ECLI:NL:RBMNE:2018:6373

Rechtbank Midden-Nederland

Datum uitspraak
17 december 2018
Publicatiedatum
24 december 2018
Zaaknummer
16/652635-18
Instantie
Rechtbank Midden-Nederland
Type
Uitspraak
Rechtsgebied
Strafrecht
Procedures
  • Eerste aanleg - meervoudig
Vindplaatsen
  • Rechtspraak.nl
AI samenvatting door LexboostAutomatisch gegenereerd

Medeplichtigheid aan poging doodslag in de openbare ruimte met geweld

Op 17 december 2018 heeft de Rechtbank Midden-Nederland uitspraak gedaan in een strafzaak tegen een verdachte die medeplichtig was aan een poging tot doodslag. De zaak vond plaats op 16 augustus 2018 te Utrecht, waar de verdachte getuige was van een gewelddadige confrontatie tussen de medeverdachte en het slachtoffer. De verdachte heeft, in plaats van in te grijpen, omstanders tegengehouden die probeerden te helpen, waardoor de medeverdachte zijn geweldsdaad kon voortzetten. De rechtbank heeft vastgesteld dat de verdachte opzettelijk behulpzaam was bij het geweld, wat leidde tot de bewezenverklaring van medeplichtigheid aan poging tot doodslag. De rechtbank oordeelde dat de verdachte, door zijn handelen, de kans op de dood van het slachtoffer heeft aanvaard.
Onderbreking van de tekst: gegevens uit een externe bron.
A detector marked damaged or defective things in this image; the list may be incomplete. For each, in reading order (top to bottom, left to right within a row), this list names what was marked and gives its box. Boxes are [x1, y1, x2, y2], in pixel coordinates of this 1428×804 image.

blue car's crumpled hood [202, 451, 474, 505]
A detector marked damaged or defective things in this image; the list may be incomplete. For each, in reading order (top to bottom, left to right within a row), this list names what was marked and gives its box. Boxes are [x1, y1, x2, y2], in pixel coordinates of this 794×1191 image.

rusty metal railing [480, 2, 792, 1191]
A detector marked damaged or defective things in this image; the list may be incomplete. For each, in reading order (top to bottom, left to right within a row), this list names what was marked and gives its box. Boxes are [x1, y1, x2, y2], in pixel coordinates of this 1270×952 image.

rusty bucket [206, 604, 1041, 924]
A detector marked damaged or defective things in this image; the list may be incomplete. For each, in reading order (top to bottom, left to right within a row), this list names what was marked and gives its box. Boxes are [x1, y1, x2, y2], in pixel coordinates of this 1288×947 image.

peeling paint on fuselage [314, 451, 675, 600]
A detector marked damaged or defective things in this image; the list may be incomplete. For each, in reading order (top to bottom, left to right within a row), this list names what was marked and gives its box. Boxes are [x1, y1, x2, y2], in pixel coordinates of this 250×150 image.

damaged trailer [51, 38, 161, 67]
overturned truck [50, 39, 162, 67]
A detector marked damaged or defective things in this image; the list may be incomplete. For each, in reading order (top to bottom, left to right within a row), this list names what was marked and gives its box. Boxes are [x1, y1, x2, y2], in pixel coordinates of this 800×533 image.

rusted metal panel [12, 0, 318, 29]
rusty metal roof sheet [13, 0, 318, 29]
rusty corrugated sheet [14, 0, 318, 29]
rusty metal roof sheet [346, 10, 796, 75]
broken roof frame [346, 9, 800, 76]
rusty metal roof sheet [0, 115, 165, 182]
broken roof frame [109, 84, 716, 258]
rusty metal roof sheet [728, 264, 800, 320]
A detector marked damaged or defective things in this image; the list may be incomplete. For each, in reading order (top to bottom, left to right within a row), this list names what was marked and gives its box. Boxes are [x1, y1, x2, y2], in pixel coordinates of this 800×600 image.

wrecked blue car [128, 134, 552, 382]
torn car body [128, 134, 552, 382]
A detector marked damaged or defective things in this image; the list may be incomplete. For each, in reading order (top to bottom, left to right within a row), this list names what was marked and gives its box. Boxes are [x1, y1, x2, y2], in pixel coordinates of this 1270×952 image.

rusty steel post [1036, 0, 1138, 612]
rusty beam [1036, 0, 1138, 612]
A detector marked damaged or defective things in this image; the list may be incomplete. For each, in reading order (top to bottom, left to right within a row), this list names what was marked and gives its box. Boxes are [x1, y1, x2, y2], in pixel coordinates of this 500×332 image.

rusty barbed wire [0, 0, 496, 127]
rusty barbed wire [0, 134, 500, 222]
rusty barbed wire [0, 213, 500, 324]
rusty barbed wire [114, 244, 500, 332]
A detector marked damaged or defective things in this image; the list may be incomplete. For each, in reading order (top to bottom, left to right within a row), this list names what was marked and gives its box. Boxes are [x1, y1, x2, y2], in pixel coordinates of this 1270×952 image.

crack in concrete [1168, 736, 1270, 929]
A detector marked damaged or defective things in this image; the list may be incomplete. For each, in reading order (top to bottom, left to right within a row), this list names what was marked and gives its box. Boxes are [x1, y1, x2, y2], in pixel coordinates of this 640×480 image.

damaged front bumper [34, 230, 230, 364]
De officier van justitie had een gevangenisstraf van 12 maanden geëist, en de rechtbank heeft uiteindelijk een gevangenisstraf van 12 maanden opgelegd, waarvan 3 maanden voorwaardelijk met een proeftijd van 2 jaar. De rechtbank heeft rekening gehouden met de ernst van het feit en de rol van de verdachte in de gewelddadige situatie.

Uitspraak

RECHTBANK MIDDEN-NEDERLAND

Afdeling Strafrecht
Zittingslocatie Utrecht
Parketnummer: 16/652635-18 (P)
Vonnis van de meervoudige kamer van 17 december 2018
in de strafzaak tegen
[verdachte],
geboren op [1971] te [geboorteplaats] ,
gedetineerd in Justitieel Complex Zaanstad, Westzaan.

1.ONDERZOEK TER TERECHTZITTING

Dit vonnis is op tegenspraak gewezen naar aanleiding van het onderzoek op de terechtzitting van 3 december 2018.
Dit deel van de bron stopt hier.